6.2. TÉCNICAS. En cuanto a las técnicas en el estudio del complemento encontramos.

6.2.1. CH100. Técnica de inmunodifusión radial. La prueba realiza una inmunodifusión del suero problema sobre una placa de agarosa que incluye hematíes sensibilizados. El complemento difunde en la agarosa y reacciona con los hematíes sensibilizados produciéndose la hemólisis. Primero podemos realizar una inmunodifusión en frío a 4ºC y después incubar a 37º, 30 ó 60 minutos, o bien realizar la difusión y la hemólisis al mismo tiempo incubando las placas a 37º durante 6 horas. Se lee el diámetro del halo de hemólisis total y se compara con una curva de calibración realizada por medición de diámetros de estándares con concentración de complemento conocida. Realizamos la representación gráfica del cuadro de los diámetros frente a las actividades o bien la actividad frente al diámetro en papel simologarítmico. Los rangos de diferencia varían de un sistema a otro con respecto a los valores obtenidos con CH50.

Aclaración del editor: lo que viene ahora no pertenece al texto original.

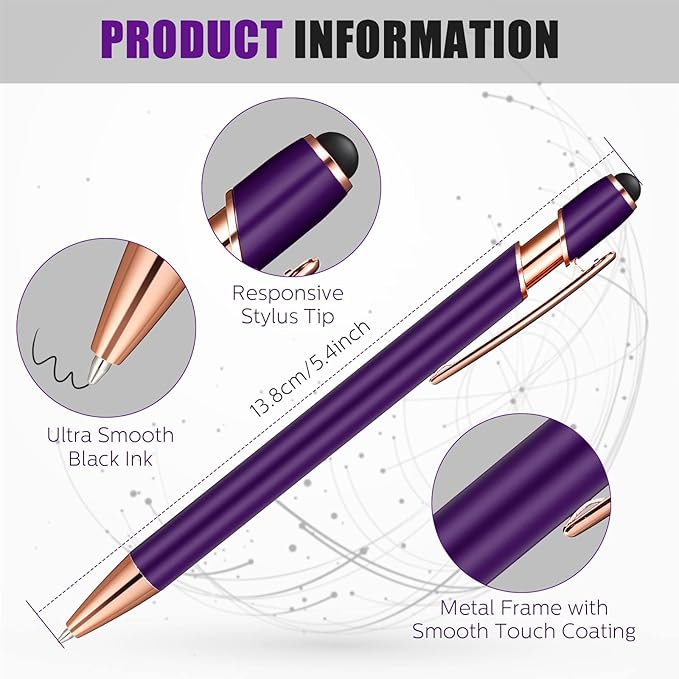 Tenare 12 Pieces 2 in 1 Stylus Metal Ballpoint Pen with Stylus Tip, 1.0 mm Black Ink Ballpoint Pen for Touch Screens(Purple and Rose Gold)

6.2.2. CH50. La unidad de medida CH50 se define como el inverso de la dilución más alta (de la cantidad de suero necesaria) para lisar el 50% de glóbulos rojos sensibilizados en unas condiciones estandarizadas. La prueba consiste en la detección de la hemólisis de hematíes de carnero mediada por anticuerpos específicos de conejo en presencia de la secuencia intacta del complemento tras incubación de una hora a 37º.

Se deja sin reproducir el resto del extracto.